> _PROBLEM TO WORK ON_:
The expected output is a verbatim reprint of the lines from the beginning of the data that follows through the line that contains "2025 Genesis G70 2.5T Sport Prestige photo 4".

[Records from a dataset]
■ ■ ■ ■ ■ ■ ■
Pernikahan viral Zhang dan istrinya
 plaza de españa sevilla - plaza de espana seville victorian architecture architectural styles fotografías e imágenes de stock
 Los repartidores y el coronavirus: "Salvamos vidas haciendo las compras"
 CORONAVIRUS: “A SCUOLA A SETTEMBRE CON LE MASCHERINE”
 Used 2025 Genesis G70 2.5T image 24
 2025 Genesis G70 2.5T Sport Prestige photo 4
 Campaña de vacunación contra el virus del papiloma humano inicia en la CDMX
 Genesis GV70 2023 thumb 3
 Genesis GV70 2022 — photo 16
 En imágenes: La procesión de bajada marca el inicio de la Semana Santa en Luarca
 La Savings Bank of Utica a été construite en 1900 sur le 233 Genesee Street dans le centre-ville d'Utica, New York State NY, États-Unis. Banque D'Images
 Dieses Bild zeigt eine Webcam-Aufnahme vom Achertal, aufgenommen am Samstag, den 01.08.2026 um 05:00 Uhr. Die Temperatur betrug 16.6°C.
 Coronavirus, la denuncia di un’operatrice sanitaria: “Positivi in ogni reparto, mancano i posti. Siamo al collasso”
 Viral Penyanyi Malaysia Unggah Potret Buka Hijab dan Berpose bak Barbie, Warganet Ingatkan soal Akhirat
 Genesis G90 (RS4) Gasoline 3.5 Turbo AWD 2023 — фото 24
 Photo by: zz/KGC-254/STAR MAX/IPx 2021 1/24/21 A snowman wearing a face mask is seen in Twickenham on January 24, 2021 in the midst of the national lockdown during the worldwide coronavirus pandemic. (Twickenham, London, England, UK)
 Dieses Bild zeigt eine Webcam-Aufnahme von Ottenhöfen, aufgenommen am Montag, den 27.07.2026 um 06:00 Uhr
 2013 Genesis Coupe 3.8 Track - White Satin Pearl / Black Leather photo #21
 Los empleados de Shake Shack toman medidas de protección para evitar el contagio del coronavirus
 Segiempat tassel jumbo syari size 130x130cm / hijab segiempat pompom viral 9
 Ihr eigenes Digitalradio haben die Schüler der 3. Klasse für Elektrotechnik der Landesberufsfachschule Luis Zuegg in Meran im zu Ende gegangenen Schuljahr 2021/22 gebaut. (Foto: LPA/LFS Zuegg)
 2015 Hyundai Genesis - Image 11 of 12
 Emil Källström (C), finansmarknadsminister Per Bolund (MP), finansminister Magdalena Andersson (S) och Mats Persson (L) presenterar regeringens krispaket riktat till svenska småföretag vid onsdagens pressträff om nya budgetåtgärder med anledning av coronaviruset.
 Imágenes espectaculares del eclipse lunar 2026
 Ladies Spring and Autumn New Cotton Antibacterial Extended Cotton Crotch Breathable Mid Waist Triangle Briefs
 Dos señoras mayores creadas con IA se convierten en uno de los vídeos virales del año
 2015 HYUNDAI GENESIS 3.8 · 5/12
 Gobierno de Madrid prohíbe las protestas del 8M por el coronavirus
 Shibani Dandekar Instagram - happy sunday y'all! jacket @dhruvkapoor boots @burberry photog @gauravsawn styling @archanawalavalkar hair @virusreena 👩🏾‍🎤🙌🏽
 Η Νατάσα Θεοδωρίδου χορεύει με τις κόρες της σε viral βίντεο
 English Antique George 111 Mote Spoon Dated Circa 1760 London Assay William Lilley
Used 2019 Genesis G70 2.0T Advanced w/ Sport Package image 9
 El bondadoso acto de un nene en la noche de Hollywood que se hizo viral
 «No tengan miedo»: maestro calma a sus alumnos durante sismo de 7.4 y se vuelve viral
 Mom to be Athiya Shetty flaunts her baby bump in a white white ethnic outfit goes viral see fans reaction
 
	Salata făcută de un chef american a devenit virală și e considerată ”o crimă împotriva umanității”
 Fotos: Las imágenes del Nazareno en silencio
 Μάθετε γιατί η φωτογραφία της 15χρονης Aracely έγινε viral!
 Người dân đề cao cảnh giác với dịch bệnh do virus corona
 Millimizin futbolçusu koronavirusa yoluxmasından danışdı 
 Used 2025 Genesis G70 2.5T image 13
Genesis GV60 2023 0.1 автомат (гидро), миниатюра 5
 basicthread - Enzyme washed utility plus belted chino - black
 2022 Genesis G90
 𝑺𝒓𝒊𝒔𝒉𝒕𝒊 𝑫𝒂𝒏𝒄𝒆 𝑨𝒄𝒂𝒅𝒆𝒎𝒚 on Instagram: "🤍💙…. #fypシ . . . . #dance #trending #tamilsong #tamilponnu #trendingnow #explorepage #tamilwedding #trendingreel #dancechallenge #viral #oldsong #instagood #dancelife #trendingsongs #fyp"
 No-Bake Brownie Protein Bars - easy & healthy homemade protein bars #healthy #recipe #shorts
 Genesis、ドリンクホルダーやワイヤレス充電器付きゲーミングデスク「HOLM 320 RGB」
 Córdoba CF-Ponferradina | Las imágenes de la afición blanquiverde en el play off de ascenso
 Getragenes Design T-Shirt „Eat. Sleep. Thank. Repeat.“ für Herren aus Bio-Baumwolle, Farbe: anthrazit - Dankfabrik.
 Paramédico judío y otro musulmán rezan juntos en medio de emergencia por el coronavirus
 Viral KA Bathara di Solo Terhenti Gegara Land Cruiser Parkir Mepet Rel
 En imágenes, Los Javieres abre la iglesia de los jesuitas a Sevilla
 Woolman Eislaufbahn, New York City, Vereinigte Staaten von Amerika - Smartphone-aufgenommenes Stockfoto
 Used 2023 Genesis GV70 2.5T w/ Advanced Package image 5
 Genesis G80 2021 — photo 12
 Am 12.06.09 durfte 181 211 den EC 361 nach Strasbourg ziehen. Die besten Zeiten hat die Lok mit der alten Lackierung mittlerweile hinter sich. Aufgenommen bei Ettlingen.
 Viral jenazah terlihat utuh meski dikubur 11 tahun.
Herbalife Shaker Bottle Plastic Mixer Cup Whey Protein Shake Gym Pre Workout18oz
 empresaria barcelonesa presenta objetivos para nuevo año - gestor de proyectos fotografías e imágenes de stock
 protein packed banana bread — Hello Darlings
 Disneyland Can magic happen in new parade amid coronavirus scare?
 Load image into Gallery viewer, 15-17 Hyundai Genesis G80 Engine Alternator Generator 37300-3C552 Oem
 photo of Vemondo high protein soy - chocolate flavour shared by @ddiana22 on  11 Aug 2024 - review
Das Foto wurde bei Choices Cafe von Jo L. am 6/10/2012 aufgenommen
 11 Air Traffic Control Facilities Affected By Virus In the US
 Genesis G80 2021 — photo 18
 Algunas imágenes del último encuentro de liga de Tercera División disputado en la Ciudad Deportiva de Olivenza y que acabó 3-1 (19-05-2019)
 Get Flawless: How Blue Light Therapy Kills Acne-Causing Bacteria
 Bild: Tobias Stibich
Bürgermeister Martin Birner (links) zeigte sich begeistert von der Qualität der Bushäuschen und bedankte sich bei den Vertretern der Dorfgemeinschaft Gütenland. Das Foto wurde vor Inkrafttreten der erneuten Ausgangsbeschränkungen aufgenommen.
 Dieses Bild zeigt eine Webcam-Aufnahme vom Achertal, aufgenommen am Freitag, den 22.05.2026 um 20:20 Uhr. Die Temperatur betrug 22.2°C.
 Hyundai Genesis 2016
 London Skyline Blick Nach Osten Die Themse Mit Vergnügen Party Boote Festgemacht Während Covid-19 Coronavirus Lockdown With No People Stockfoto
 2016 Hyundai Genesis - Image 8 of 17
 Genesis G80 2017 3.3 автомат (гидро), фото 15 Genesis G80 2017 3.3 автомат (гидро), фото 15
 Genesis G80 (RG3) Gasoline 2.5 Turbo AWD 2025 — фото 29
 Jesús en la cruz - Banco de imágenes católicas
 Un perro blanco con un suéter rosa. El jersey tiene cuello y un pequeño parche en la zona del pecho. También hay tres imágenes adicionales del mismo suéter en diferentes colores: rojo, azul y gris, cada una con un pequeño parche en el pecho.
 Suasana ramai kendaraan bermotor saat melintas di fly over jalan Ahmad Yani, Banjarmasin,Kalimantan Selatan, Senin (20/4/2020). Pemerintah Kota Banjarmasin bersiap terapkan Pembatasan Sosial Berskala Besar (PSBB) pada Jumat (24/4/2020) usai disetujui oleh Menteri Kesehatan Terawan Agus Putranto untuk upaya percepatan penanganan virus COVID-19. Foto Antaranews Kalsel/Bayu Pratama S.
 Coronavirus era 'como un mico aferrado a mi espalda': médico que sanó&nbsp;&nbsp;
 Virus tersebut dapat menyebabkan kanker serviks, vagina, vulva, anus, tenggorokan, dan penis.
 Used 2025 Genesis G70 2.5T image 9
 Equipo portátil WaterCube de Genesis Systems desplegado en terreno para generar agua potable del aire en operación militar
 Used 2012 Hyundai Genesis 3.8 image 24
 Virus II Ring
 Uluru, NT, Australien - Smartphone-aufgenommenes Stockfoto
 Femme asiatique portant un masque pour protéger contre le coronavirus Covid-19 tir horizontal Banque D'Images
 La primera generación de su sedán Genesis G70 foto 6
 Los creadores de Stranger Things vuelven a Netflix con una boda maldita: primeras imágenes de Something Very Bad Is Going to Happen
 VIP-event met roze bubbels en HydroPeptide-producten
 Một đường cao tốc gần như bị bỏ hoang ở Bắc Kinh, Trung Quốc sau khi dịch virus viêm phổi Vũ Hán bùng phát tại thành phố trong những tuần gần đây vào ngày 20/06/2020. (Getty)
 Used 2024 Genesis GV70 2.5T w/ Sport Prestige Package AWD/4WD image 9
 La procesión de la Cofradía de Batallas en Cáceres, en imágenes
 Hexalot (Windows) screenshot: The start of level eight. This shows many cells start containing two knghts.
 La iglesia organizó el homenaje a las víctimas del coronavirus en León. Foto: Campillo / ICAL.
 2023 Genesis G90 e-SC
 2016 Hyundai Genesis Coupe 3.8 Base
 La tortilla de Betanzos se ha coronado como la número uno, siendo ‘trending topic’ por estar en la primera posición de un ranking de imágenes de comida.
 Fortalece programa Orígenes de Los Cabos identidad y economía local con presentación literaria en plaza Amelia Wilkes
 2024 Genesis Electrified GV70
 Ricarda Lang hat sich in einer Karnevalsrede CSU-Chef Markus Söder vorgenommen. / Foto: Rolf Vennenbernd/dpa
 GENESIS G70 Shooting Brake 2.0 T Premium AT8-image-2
■ ■ ■ ■ ■ ■ ■
> _ANSWER AREA_:
Pernikahan viral Zhang dan istrinya
 plaza de españa sevilla - plaza de espana seville victorian architecture architectural styles fotografías e imágenes de stock
 Los repartidores y el coronavirus: "Salvamos vidas haciendo las compras"
 CORONAVIRUS: “A SCUOLA A SETTEMBRE CON LE MASCHERINE”
 Used 2025 Genesis G70 2.5T image 24
 2025 Genesis G70 2.5T Sport Prestige photo 4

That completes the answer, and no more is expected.